TJ-SP condena família de ex-prefeito de Guarulhos a devolver ‘escandalosa fortuna’ de R$ 4 milhões em bens ilícitos adquiridos durante o mandato

TJ-SP condena família de ex-prefeito de Guarulhos a devolver ‘escandalosa fortuna’ de R$ 4 milhões em bens ilícitos adquiridos durante o mandato

O Tribunal de Justiça de São Paulo (TJ-SP) determinou que a família de Néfi Tales, ex-prefeito de Guarulhos (1938-2003), devolva uma série de bens e imóveis. A decisão confirma as acusações do Ministério Público do Estado, que apontam a compra desses bens com dinheiro desviado da administração municipal. Todo o patrimônio recuperado, que inclui imóveis, carros e fazendas, será incorporado aos cofres da prefeitura de Guarulhos.

O caso, que tramita na Justiça desde 1998, prosseguiu mesmo após a morte do ex-prefeito, em 2003, já que parentes e ex-assessores também são réus na ação de improbidade administrativa. O espólio de Néfi Tales foi incluído no processo.

ENRIQUECIMENTO ILÍCITO

A investigação revelou uma mudança drástica na situação financeira de Néfi Tales após ele assumir a prefeitura em 1997. Antes de tomar posse, o político estava endividado, com a casa hipotecada, devendo impostos e com cheques sem fundos.

Contudo, poucos meses após o início do mandato, sua situação financeira mudou radicalmente.
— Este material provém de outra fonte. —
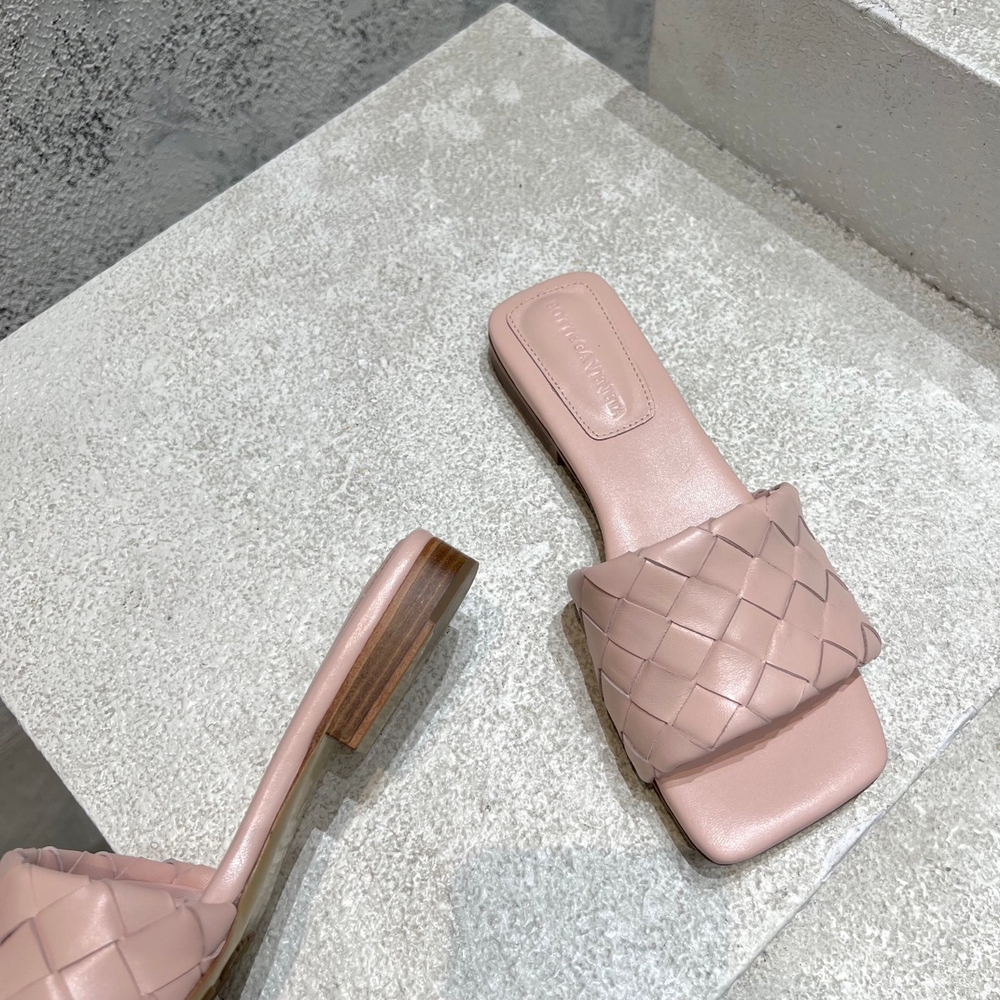Bottega Veneta Parco Flat Mule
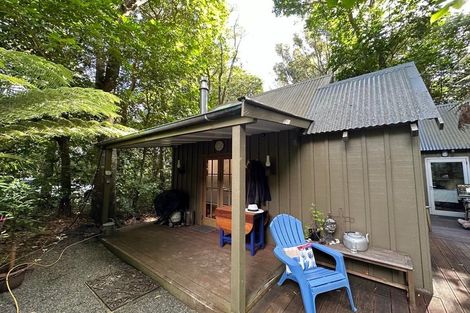 Photo of property in 23b Kakariki Grove, Waikanae, 5036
O ex-prefeito pagou dívidas, aumentou o capital de sua empresa e adquiriu imóveis e outros bens com pagamentos em dinheiro vivo. A quebra de sigilo bancário demonstrou, segundo a Promotoria, uma "extraordinária e escandalosa fortuna", acumulada em apenas oito meses. Na época, os bens somavam R$ 4,2 milhões. Um corretor, ouvido no processo, chegou a relatar que sua comissão foi paga em uma caixa de sabão em pó.
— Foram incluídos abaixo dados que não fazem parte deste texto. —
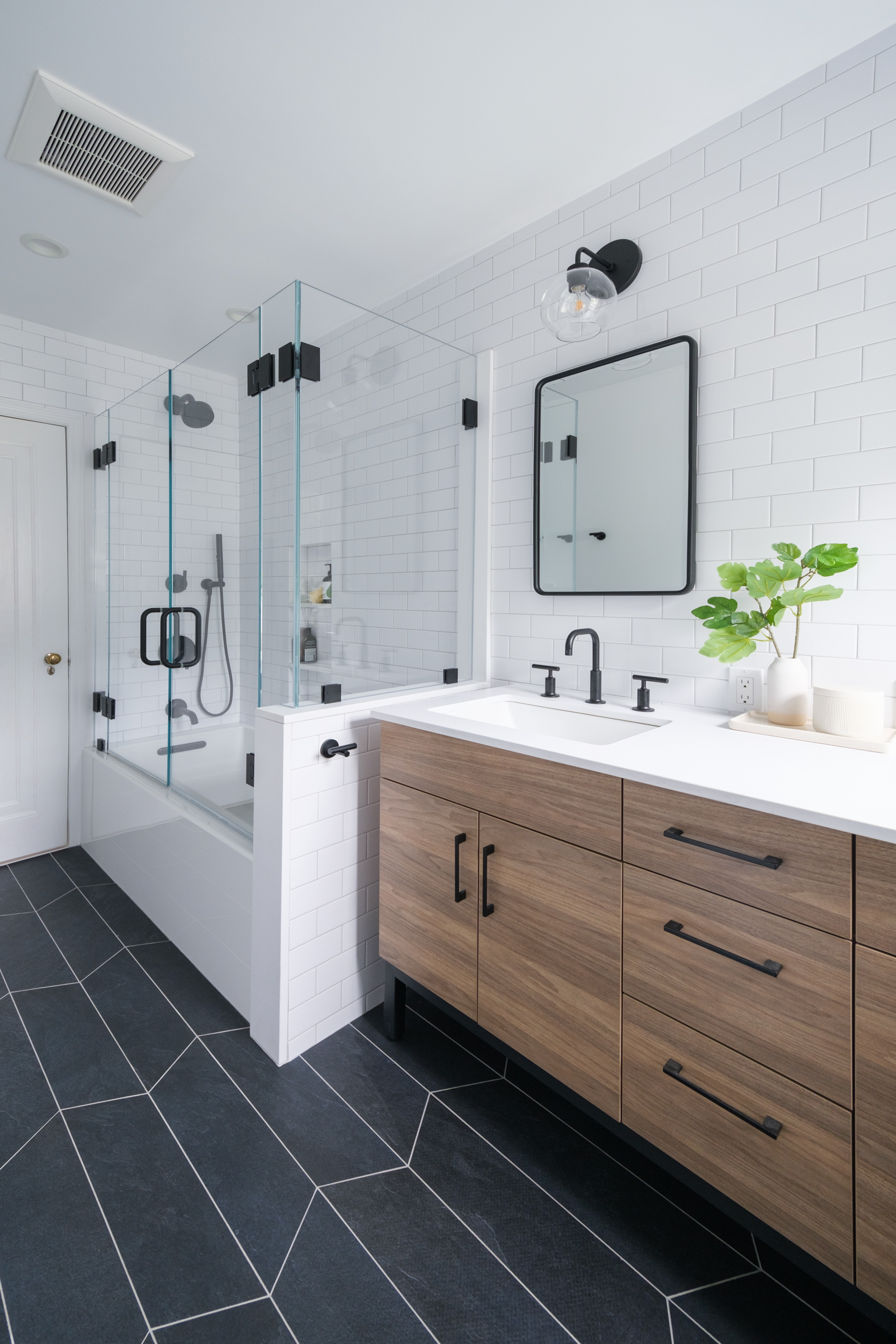 Pelham Modern Bathroom Desire KBD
Em sua defesa, a família alegou que o prejuízo ao erário não foi comprovado e que a situação financeira do ex-prefeito, no máximo, indicaria uma possível omissão de rendimentos na declaração de Imposto de Renda.

DESPROPORÇÃO DE PATRIMÔNIO

Apesar da defesa, a 4ª Câmara de Direito Público do TJ-SP confirmou a sentença de primeira instância, que já havia determinado a perda dos bens "acrescidos ilicitamente ao patrimônio" da família.

O relator do processo, desembargador Osvaldo Magalhães, enfatizou que o Ministério Público "logrou demonstrar, à saciedade, a desproporção do patrimônio amealhado pelos requeridos em tão pouco tempo". O magistrado destacou que a família não conseguiu justificar a origem do dinheiro.

"Os requeridos não lograram justificar de forma satisfatória a licitude do acréscimo patrimonial", concluiu o desembargador, ressaltando a evidência de enriquecimento ilícito.